__EXERCISE INSTRUCTIONS__
The pictures do not belong in the copy. Restate all of the records word for word.

__GIVEN RECORDS__
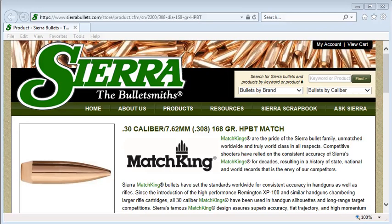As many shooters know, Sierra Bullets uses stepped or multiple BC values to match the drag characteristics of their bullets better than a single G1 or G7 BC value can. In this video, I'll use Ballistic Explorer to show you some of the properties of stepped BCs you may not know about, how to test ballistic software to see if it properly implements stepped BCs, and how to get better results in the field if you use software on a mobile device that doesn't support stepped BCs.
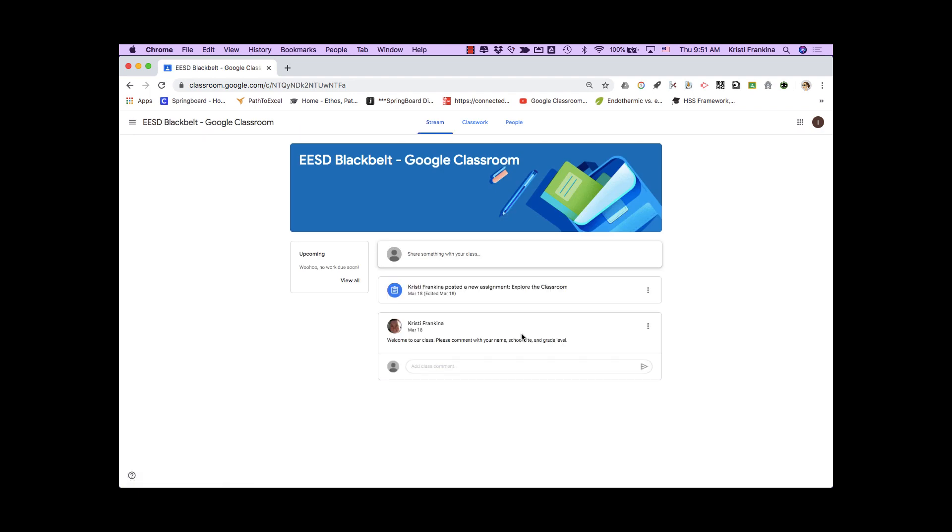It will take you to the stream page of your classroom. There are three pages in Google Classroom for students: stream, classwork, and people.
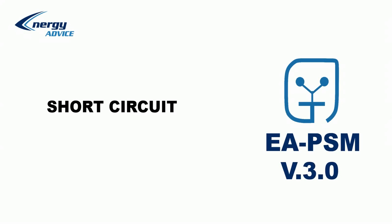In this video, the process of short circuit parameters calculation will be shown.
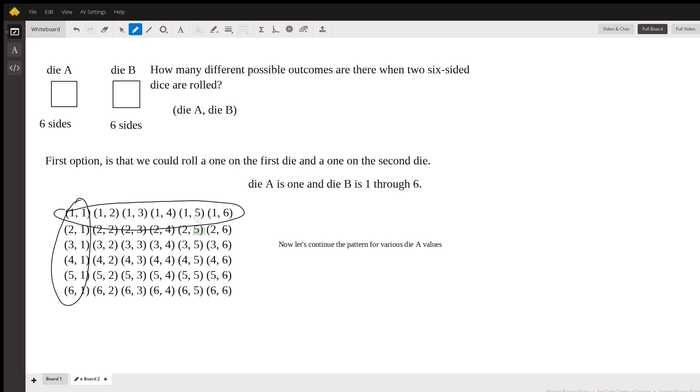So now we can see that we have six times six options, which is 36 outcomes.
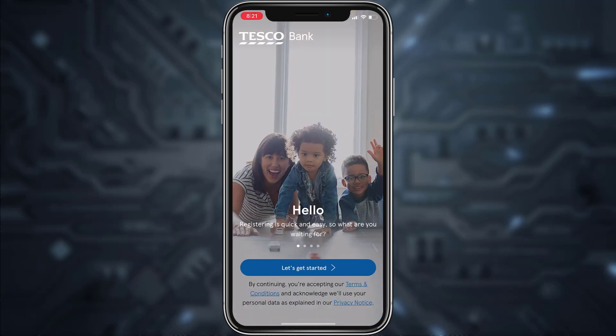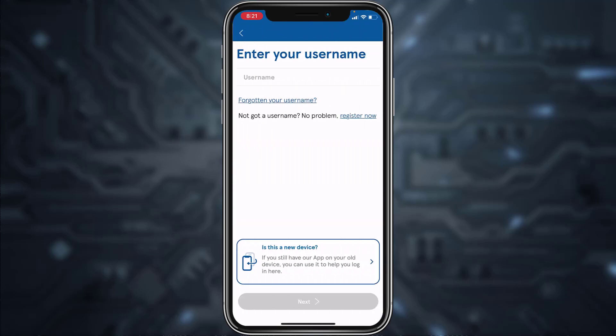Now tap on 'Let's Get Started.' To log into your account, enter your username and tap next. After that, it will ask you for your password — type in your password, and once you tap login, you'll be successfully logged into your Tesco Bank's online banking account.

__RESULT__
As many shooters know, Sierra Bullets uses stepped or multiple BC values to match the drag characteristics of their bullets better than a single G1 or G7 BC value can. In this video, I'll use Ballistic Explorer to show you some of the properties of stepped BCs you may not know about, how to test ballistic software to see if it properly implements stepped BCs, and how to get better results in the field if you use software on a mobile device that doesn't support stepped BCs.
It will take you to the stream page of your classroom. There are three pages in Google Classroom for students: stream, classwork, and people.
In this video, the process of short circuit parameters calculation will be shown.
So now we can see that we have six times six options, which is 36 outcomes.
Now tap on 'Let's Get Started.' To log into your account, enter your username and tap next. After that, it will ask you for your password — type in your password, and once you tap login, you'll be successfully logged into your Tesco Bank's online banking account.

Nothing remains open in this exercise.